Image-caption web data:
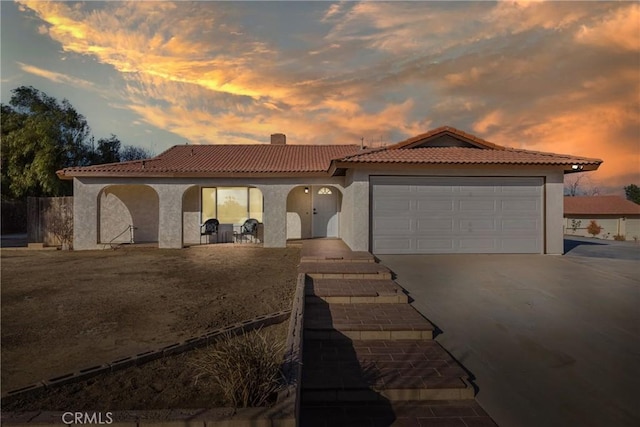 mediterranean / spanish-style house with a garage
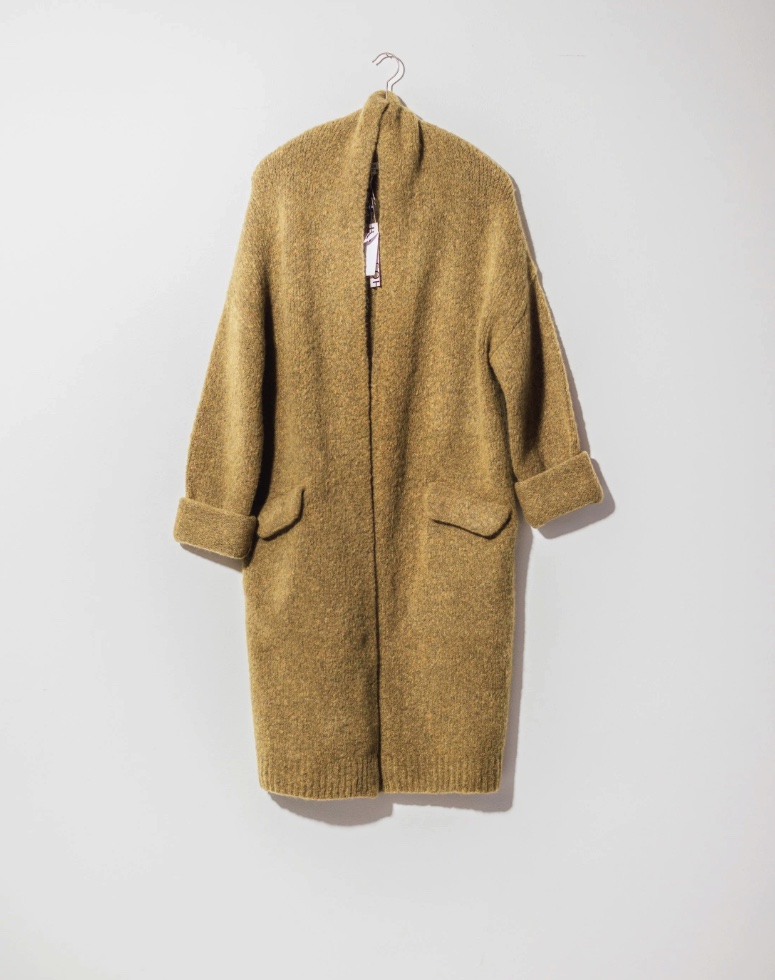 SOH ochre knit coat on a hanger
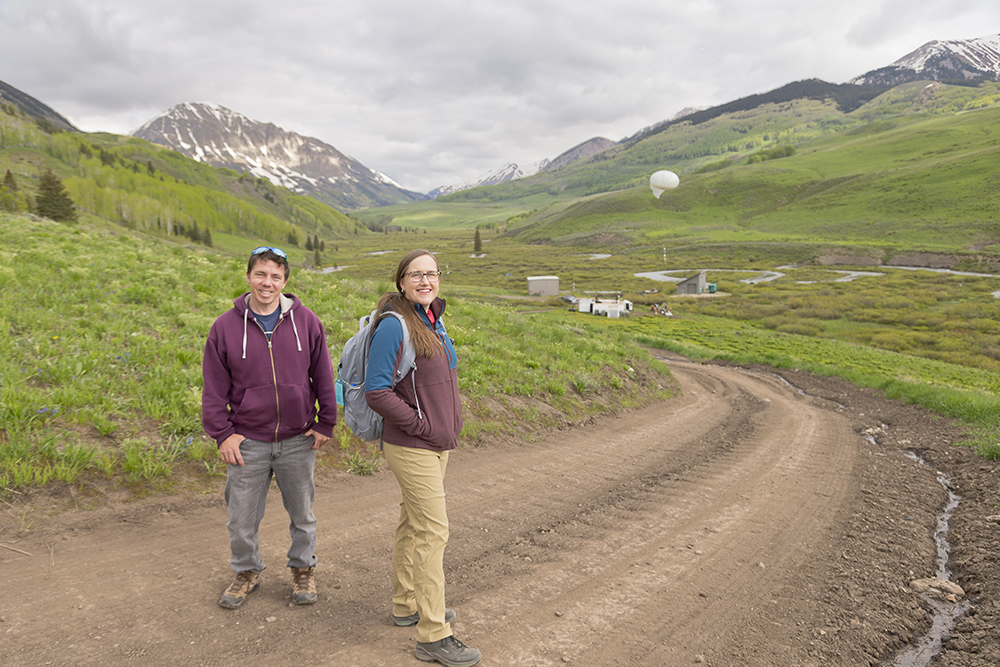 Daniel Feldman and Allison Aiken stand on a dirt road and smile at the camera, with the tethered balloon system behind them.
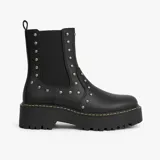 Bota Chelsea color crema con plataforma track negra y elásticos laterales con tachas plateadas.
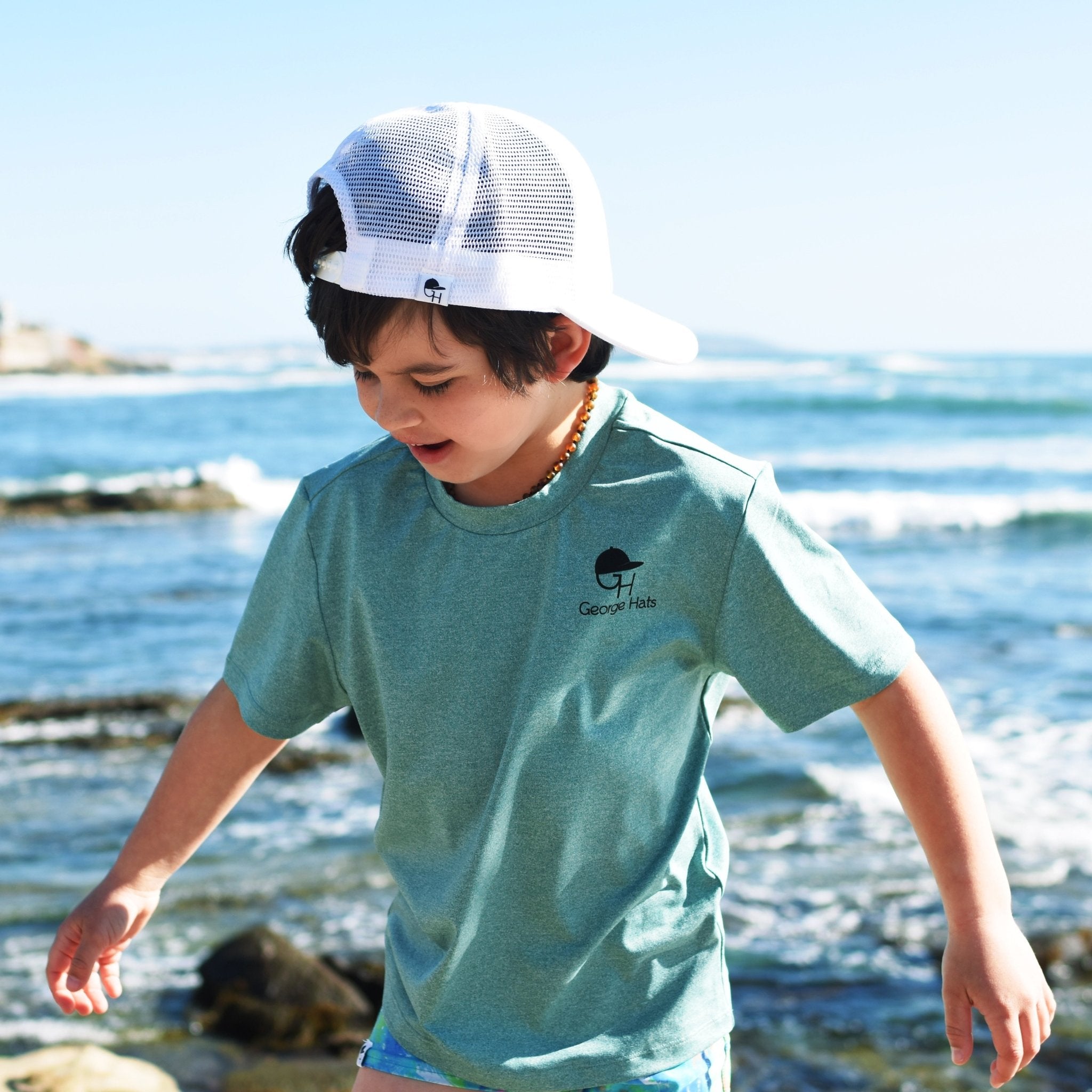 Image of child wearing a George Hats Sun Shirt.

* _Assigned task_
Word for word, reproduce all of the data, but keep out the pictures.

* _Task answer_
 mediterranean / spanish-style house with a garage
 SOH ochre knit coat on a hanger
 Daniel Feldman and Allison Aiken stand on a dirt road and smile at the camera, with the tethered balloon system behind them.
 Bota Chelsea color crema con plataforma track negra y elásticos laterales con tachas plateadas.
 Image of child wearing a George Hats Sun Shirt.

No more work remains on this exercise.